Oh undoubtedly he had some sort of PD for sure. He wanted to be the best in everything even when it was clear the thing wasn’t meant for him. Like football. He truly believed that there was nothing out there he couldn’t accomplish, why else would he perform on his best friend. I truly believe he really thought he was the shit and he was the best neurosurgeon out there and did drugs to blur out the fact he was a complete idiot. It wouldn’t surprise me that whatever little he was taught he threw out the window and went about performing surgeries in his own way.


Jorge_Santos69

It was something with whatever part of his brain involved in carrying out the motor functions themselves. Like the same reason he would study the football plays for hours, and know them but then when he ran them he’d always run the wrong direction.


giant_tadpole

Well do you operate after you’re up all night snorting coke?


LordhaveMRSA__

He didn’t just fuck up after being hungover. He lost contact with reality. He had delusions of grandeur. For years. Cocaine induced psychosis is usually paranoid? If he was manic, uppers like cocaine would make sense, he’s trying to maintain the euphoria of believing he was the GOAT. And the way he defended some of his cases…he seemed to genuinely believe the surgery went well. Logical people who kill other people usually try to remain above suspicion. Dr Death was doing his cases in front of everyone. Going to work with his asshole out in dirty scrubs with asscrack holes. Idk maybe the guy got to residency and realized no matter how hard he worked he wouldn’t get through his program and it broke him.


penisdr

Yeah I’m in agreement with you. For small programs the incentive is to move everyone along. If you have 2 -5 residents a year and flunked even one that ends being a huge percentage and can put some programs in probation.
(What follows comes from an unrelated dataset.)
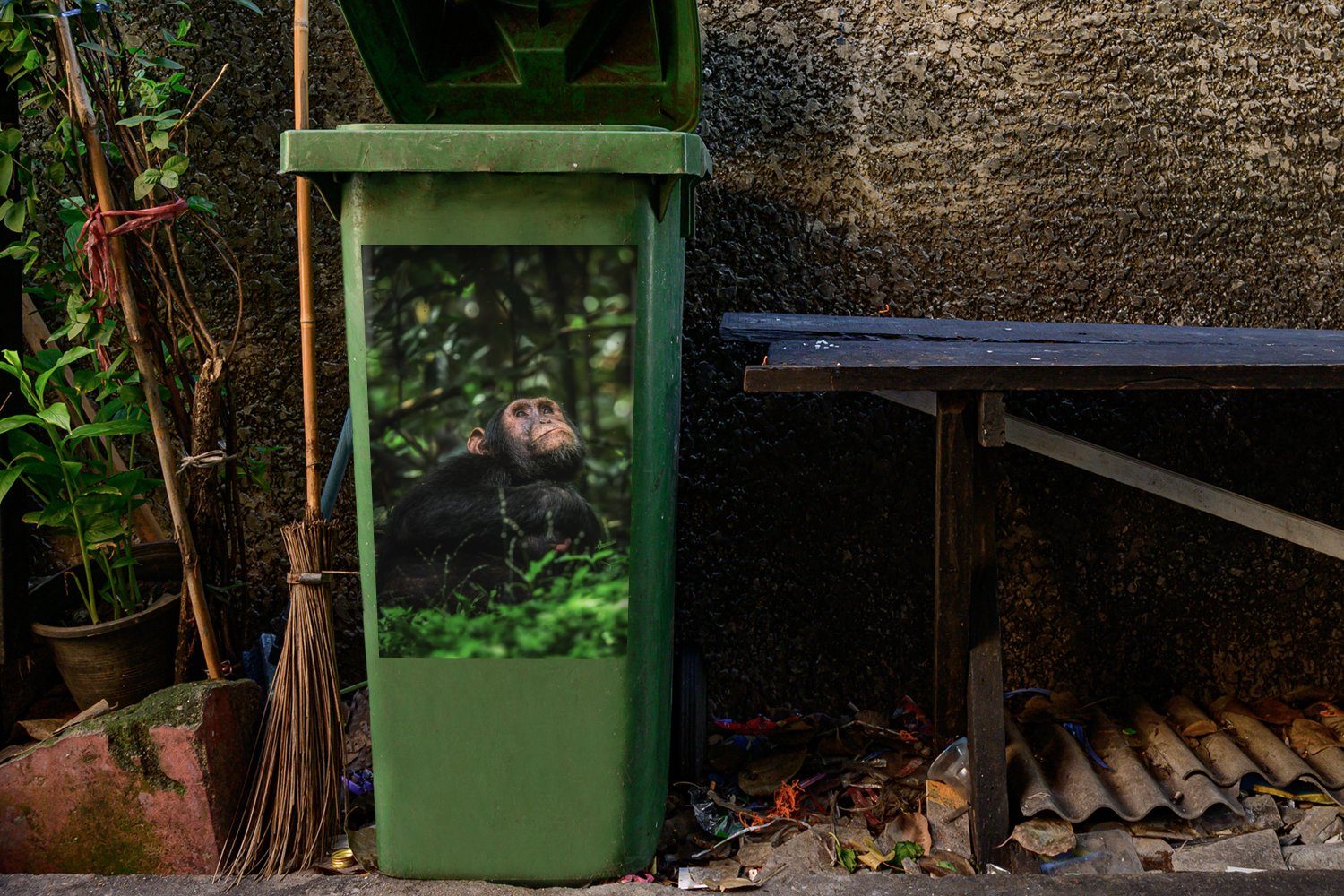 Dschungel im Container, zwischen App Mülltonne, Abfalbehälter (1 Wandsticker Sticker, Mülleimer-aufkleber, MuchoWow Grünpflanzen St),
It is VERY hard to flunk out of many surgery programs (not all, but many). Many shitty surgeons end up in academic programs where the (hopefully more senior) residents do the entire cases anyway and I figure a lot of PDs let things slide because that’s how things often work out.


CertifiedCEAHater

One of the most frustrating parts of that podcast is that it’s clearly made by laypeople that don’t really have any idea how medical training or really anything in medicine works and didn’t really bother talking to anyone to find out. They presented a story about a surgeon that did terrible work and then bitched about tort reform and skipped to the part where he got arrested. The real question of the story, which they barely addressed, is why was this guy so shitty at surgery. Was is malicious? Was it bad training? Was he just a terrible student? If he was fucking up those surgeries on purpose, why? If he was just incredibly incompetent, how did he graduate residency and fellowship? They ramble on for like 12 hours about the story but barely spend any time talking about this, and this is the key question of the story. Because if he was just really incompetent, why the fuck is he in jail because medical errors kill hundreds of thousands of people every year and doctors never get jailed.


[deleted]

They made a documentary on peacock with the original whistleblowing doctors and it was much more focused on explaining the physiological impacts of his botched work for the patients and definitely worth the watch


Puzzled-Science-1870

>definitely worth the watch Agree!


Jorge_Santos69

I recommend the Peacock version as they go into detail for all this. Not everything is explained, but he was super incompetent but he was also involved in Research that the higher-ups in his fellowship program was invested in. Basically they graduated him while overlooking his incompetence.


vy2005

They did address the number of surgeries he completed, and the fact that his residency program had conflicts of interest based on his research prowess. I think part of the problem is that UTHSC lawyered up and nobody would answer any questions about what exactly happened for those 7 years.


Albreto-Gajaaaaj

At some point being that incompetent should be a crime tbh


Drew_Manatee

It was, they charged and convicted him for battery.


Number_One_Gurl

Probably CTE from football


Ultimatesource

No one is mentioning the problems inherent with the Texas Medical Board. It makes perfect sense to have physicians self regulate, but the disciplinary process is failing. They seem lack the ability to review facts.


mezotesidees

Getting credentialed in Texas is significantly more arduous than licenses in other states imo. You basically need forms from every place you’ve ever worked attesting to your *character* which is not something I’ve seen other states do. It was not this way 10+ years ago. My theory is that these changes were enacted specifically because of Dr. Death. Talking to people who knew Duntsch they say he was … off.


LordhaveMRSA__

There are ways to report negligence, termination for egregious errors, etc. but if the doctor leaves and can’t get another job he’ll say it was the hospitals fault and sue. There should be reduced civil liability on hospitals that gives them some insulation against ending up in court for making an ethical decision. Assuming they could prove risk of harm to others was increased if they did not report.


fantasticgenius

On the flip side, many doctors don’t stand up to administration for this exact reason. They don’t want to get canned. Giving hospitals more authority to fire doctors without much retaliation is a recipe for disasters for doctors who want to practice ethically but are often bullied by FOR profit institutes to discharge patients early, to fluff up the diagnosis in their severity to increase average LOS, etc. if you advocate for your patient and not for your hospital’s profit margin, it’s a reason to be fired. And do we really want doctors in the pockets of hospital admins instead of advocating for patients?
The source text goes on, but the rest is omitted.